START INFORMATION PROVIDED
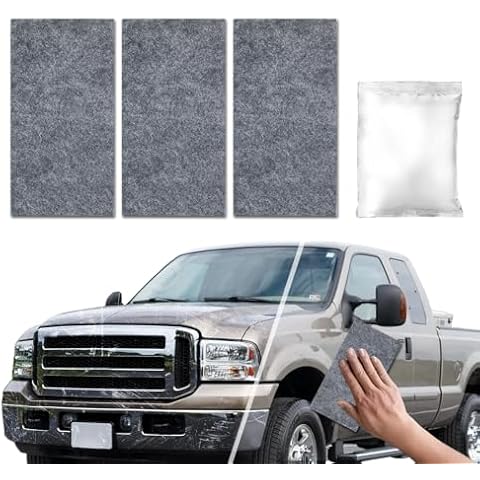 2024 Nano Sparkle Cloth for Car Scratches, Nano Sparkle Cloth Scratch Remover Easily Repair Scratches Paint Residues Water Spots Remover Cover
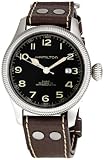 Hamilton Homme H60455533 Khaki &eacute;quipe sur le terrain de la Terre Dial Black Watch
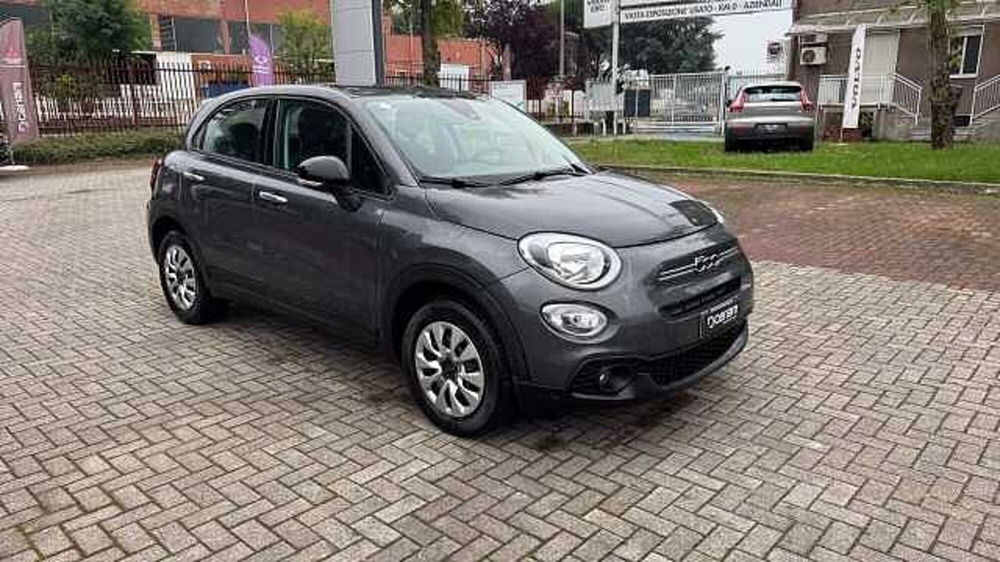 Fiat 500X usata a Milano (7)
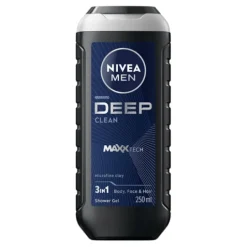 NIVEA MEN Deep Shower Gel 250 ml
END INFORMATION PROVIDED
__WORK TASK__. Beginning with the line that contains "Fiat 500X usata a Milano (7)" and ending with the final line of the material, reproduce those lines exactly and nothing else. Omit the pictures.

__TASK RESPONSE__.
 Fiat 500X usata a Milano (7)
 NIVEA MEN Deep Shower Gel 250 ml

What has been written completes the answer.